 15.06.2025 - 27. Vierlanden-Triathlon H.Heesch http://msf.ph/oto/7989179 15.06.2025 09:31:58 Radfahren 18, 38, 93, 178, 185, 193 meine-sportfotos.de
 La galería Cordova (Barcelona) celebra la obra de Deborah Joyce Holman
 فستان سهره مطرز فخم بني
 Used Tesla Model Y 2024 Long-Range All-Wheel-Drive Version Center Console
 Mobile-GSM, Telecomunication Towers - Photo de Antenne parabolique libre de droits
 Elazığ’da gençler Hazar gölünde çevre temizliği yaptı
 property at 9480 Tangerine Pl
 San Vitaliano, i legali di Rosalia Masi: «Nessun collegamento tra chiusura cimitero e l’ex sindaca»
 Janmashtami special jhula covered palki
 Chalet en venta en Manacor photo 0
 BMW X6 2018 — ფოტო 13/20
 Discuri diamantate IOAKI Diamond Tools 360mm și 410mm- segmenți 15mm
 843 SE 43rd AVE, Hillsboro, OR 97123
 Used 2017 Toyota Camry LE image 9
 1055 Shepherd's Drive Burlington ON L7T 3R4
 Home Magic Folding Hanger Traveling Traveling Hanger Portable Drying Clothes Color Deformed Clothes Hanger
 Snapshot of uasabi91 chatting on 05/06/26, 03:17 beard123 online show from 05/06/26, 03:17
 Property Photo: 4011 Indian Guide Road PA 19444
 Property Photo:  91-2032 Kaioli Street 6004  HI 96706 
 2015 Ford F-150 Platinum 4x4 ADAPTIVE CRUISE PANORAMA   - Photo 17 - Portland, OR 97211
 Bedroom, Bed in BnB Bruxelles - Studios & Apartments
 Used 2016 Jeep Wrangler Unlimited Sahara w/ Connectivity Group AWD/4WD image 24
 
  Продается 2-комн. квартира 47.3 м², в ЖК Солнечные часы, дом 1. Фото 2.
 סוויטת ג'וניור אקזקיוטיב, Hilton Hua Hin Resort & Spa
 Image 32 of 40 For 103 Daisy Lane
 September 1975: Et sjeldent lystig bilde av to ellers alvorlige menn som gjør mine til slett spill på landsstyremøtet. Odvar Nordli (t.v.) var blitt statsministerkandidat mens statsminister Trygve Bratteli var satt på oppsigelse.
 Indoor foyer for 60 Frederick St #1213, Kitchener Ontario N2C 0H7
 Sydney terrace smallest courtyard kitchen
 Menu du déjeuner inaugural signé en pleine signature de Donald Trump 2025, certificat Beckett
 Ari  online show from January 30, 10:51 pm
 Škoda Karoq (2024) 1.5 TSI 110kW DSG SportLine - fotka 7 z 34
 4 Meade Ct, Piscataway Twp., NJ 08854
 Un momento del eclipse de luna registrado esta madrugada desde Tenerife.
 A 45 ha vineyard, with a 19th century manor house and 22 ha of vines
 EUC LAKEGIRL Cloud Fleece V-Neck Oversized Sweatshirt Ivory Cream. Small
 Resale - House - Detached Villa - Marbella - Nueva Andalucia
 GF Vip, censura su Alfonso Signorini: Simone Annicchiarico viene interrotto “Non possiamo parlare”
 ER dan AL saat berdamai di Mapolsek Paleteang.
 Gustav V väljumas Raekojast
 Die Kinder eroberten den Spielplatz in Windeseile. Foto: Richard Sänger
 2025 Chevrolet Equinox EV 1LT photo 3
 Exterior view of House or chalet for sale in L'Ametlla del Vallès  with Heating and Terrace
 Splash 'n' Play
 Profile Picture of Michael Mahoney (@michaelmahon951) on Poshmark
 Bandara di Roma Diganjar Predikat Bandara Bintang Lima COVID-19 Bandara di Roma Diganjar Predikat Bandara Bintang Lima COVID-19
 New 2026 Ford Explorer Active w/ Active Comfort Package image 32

◇ ◇ ◇

◆ EXERCISE BRIEF: Starting at the line above that contains "Elazığ’da gençler Hazar", write out each line exactly until the line that contains "91-2032 Kaioli Street" has been written, and stop there.

◆ YOUR RESPONSE:
 Elazığ’da gençler Hazar gölünde çevre temizliği yaptı
 property at 9480 Tangerine Pl
 San Vitaliano, i legali di Rosalia Masi: «Nessun collegamento tra chiusura cimitero e l’ex sindaca»
 Janmashtami special jhula covered palki
 Chalet en venta en Manacor photo 0
 BMW X6 2018 — ფოტო 13/20
 Discuri diamantate IOAKI Diamond Tools 360mm și 410mm- segmenți 15mm
 843 SE 43rd AVE, Hillsboro, OR 97123
 Used 2017 Toyota Camry LE image 9
 1055 Shepherd's Drive Burlington ON L7T 3R4
 Home Magic Folding Hanger Traveling Traveling Hanger Portable Drying Clothes Color Deformed Clothes Hanger
 Snapshot of uasabi91 chatting on 05/06/26, 03:17 beard123 online show from 05/06/26, 03:17
 Property Photo: 4011 Indian Guide Road PA 19444
 Property Photo:  91-2032 Kaioli Street 6004  HI 96706 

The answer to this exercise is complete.